ABOUT THIS EXERCISE
What you give back should be exactly the lines from the one with "5Pcs SRS-05V 12VDC-SL" through the end of the data, without the pictures.

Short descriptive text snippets

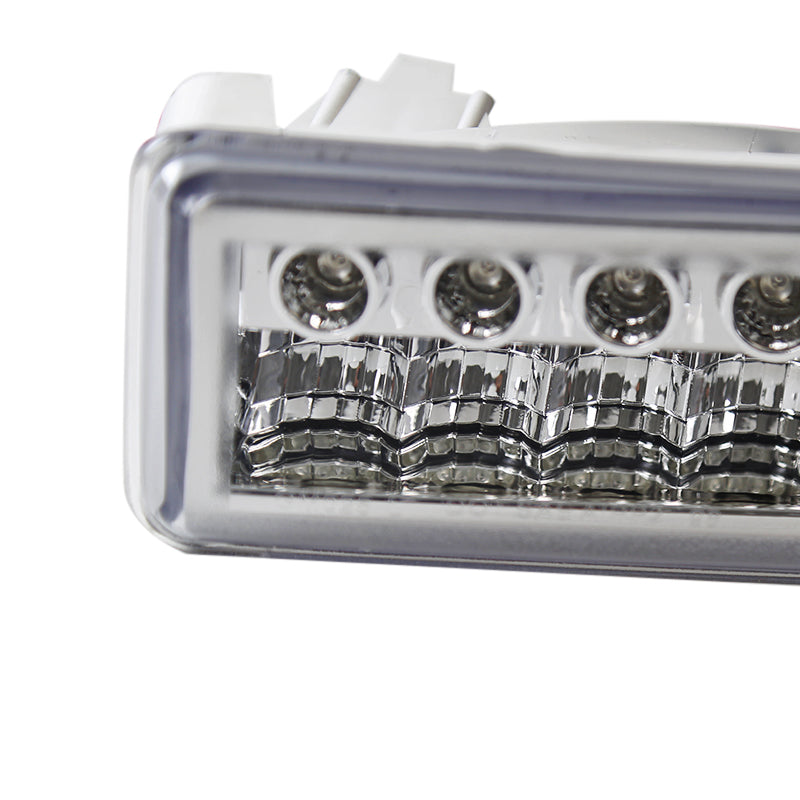 1998-2004 Chevrolet S10/ GMC Sonoma LED Bumper Lights (Chrome Housing/Clear Lens)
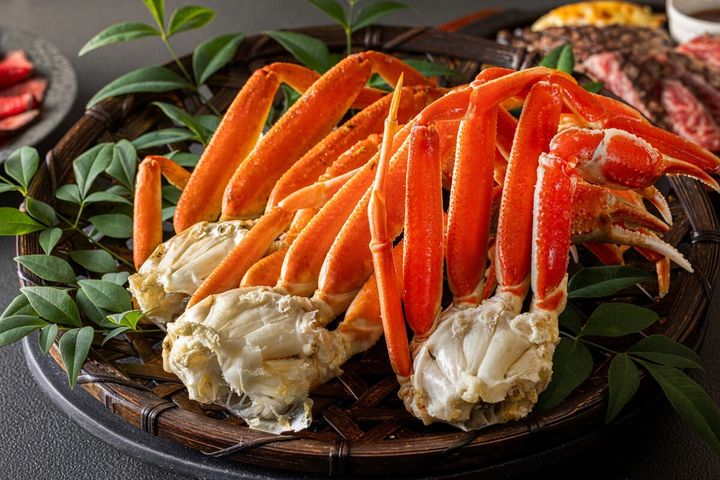本ずわい蟹 蟹酢添え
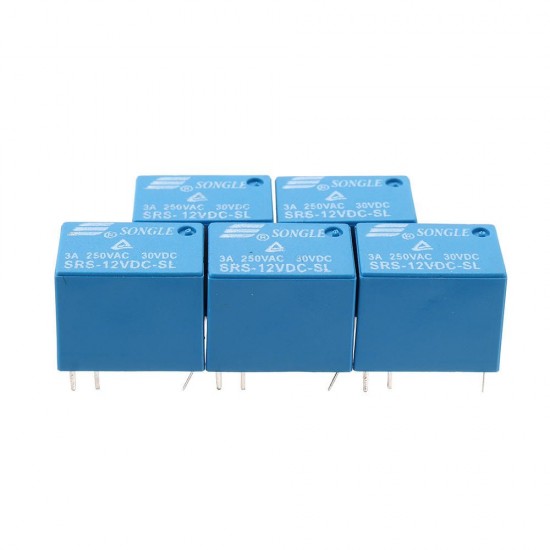 5Pcs SRS-05V 12VDC-SL 5V 12V 24V DC 3A 6Pin Relay Module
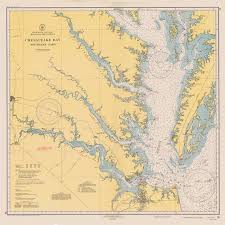 1940 nautical chart of chesapeake bay products nautical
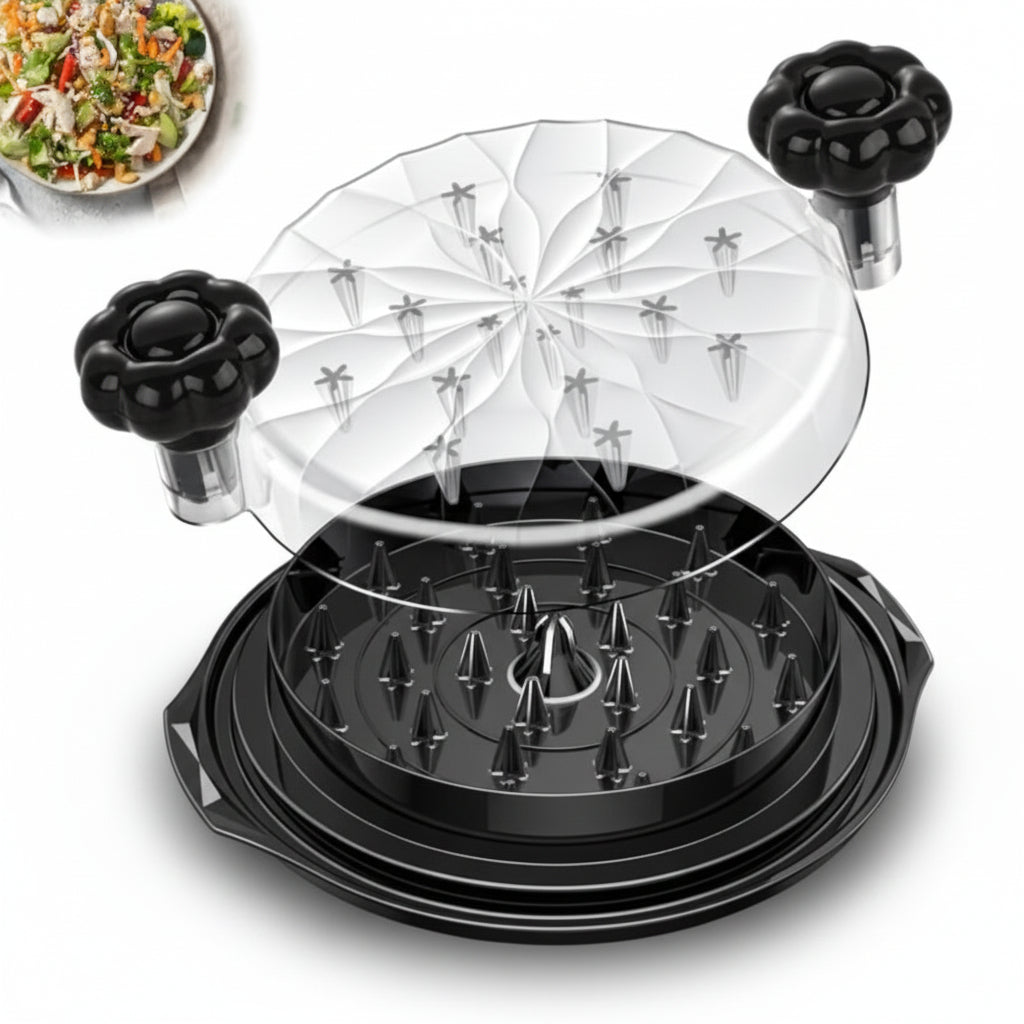 Handheld Meat Shredder With Glass Bowl And Non-Slip Base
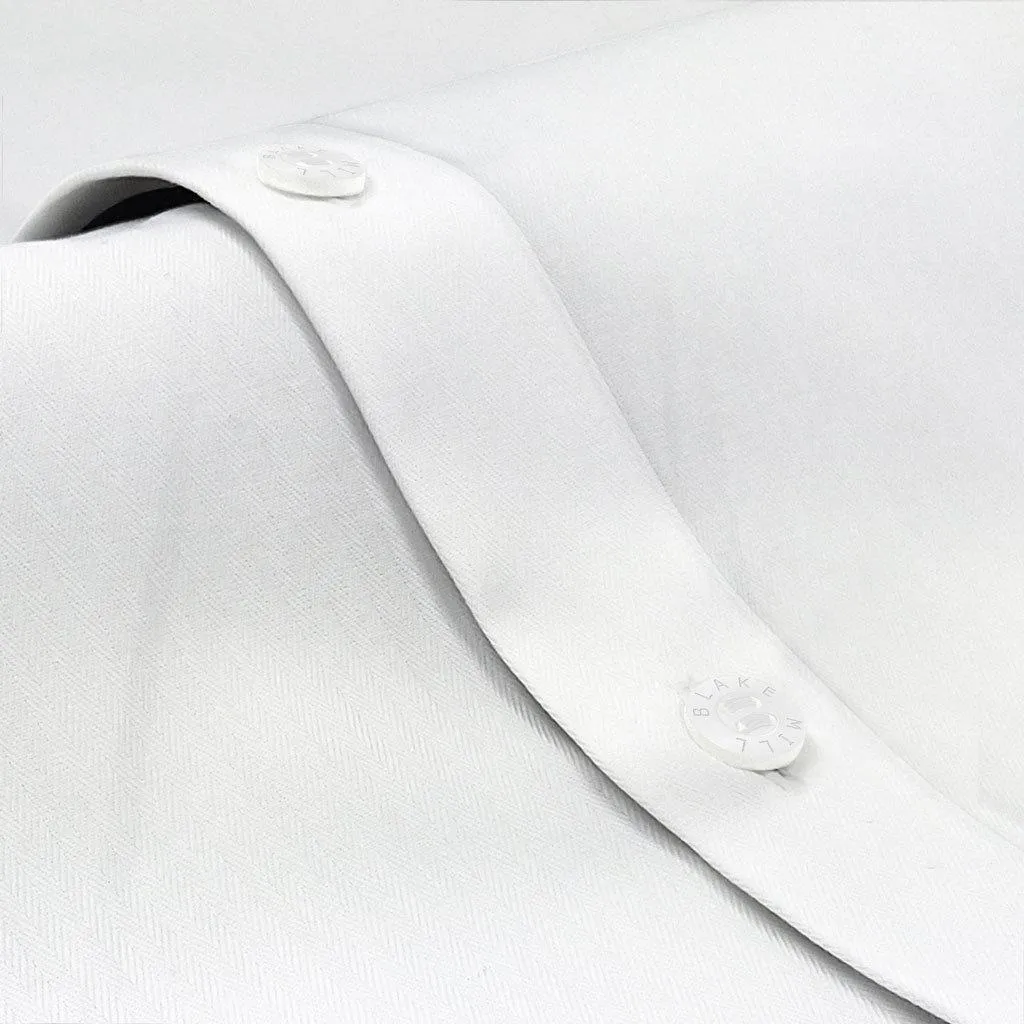 White with Satellite Interference Button-Down Shirt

PROBLEM SOLUTION
 5Pcs SRS-05V 12VDC-SL 5V 12V 24V DC 3A 6Pin Relay Module
 1940 nautical chart of chesapeake bay products nautical
 Handheld Meat Shredder With Glass Bowl And Non-Slip Base
 White with Satellite Interference Button-Down Shirt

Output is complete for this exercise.